- [What to work on] Give again, word for word, each line below starting at the one that contains "Pug Xmas Drawstring" and ending at the one that contains "Nordic Velvet Cushion".

- [Data to process]
※ ※ ※

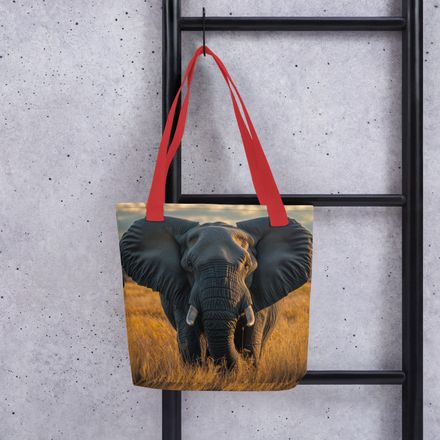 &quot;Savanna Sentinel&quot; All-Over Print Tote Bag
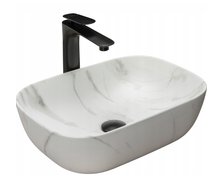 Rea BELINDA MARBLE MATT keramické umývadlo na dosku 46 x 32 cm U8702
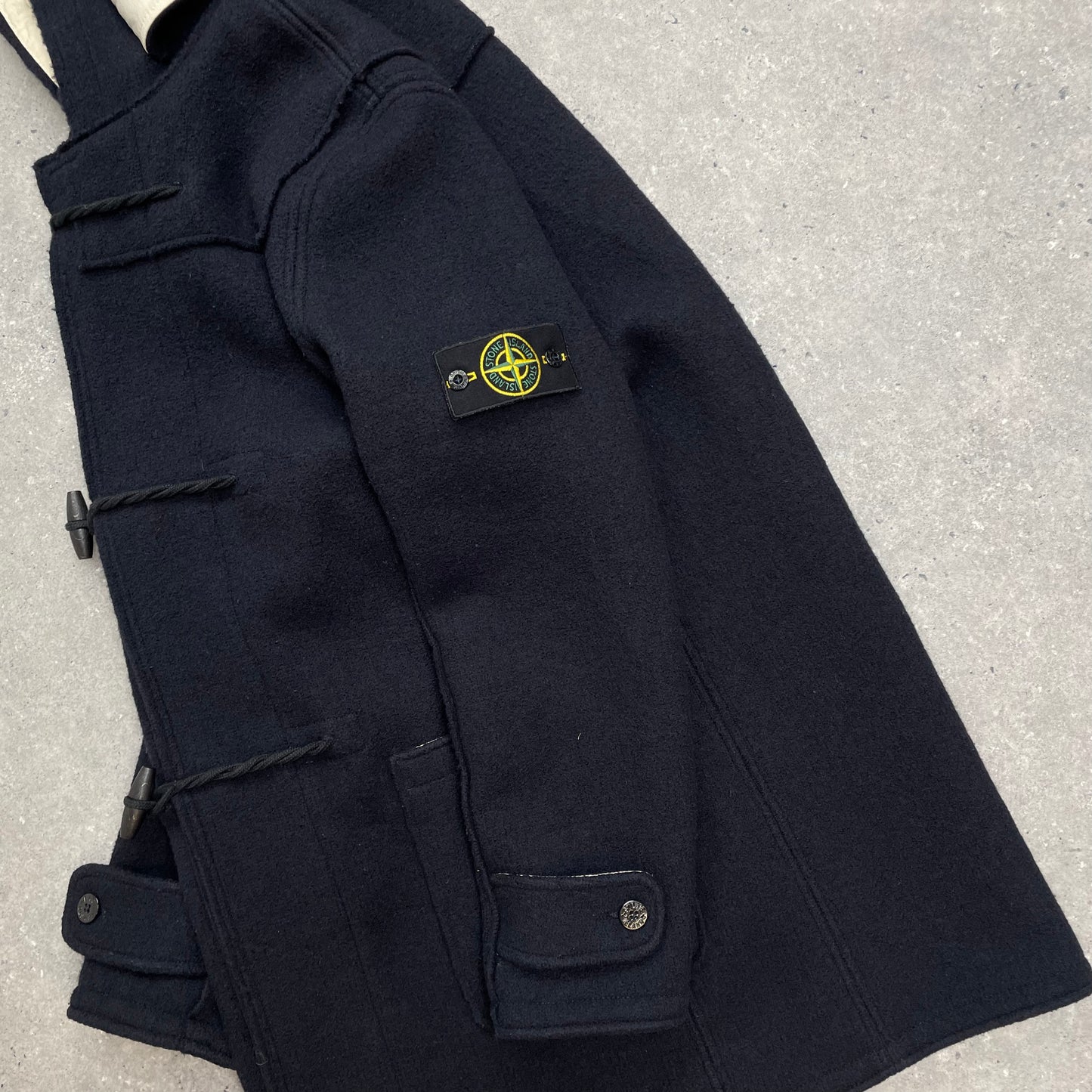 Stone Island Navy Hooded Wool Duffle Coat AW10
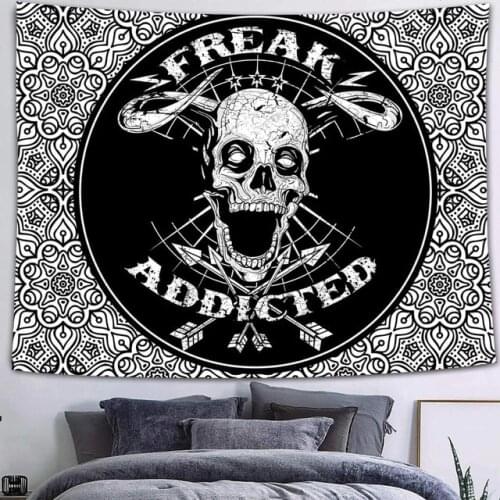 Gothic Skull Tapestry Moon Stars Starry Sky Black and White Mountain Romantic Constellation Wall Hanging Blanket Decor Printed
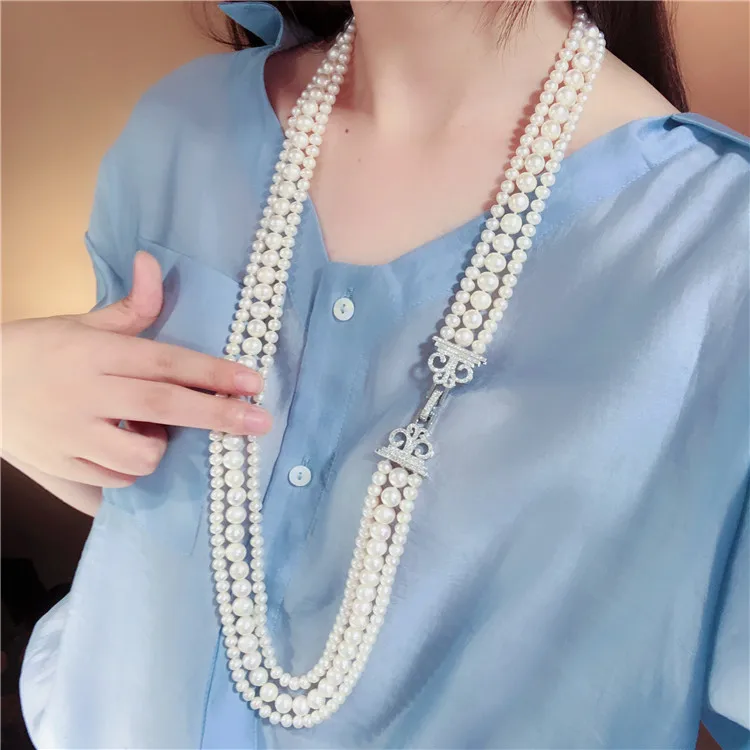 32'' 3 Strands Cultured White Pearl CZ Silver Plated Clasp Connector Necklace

※ ※ ※

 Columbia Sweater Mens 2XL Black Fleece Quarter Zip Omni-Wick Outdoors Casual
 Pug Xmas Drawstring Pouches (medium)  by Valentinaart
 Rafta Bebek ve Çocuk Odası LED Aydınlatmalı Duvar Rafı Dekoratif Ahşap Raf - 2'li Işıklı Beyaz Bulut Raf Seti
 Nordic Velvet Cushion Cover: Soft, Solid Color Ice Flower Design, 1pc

※ ※ ※

- [Result for this task]
 Pug Xmas Drawstring Pouches (medium)  by Valentinaart
 Rafta Bebek ve Çocuk Odası LED Aydınlatmalı Duvar Rafı Dekoratif Ahşap Raf - 2'li Işıklı Beyaz Bulut Raf Seti
 Nordic Velvet Cushion Cover: Soft, Solid Color Ice Flower Design, 1pc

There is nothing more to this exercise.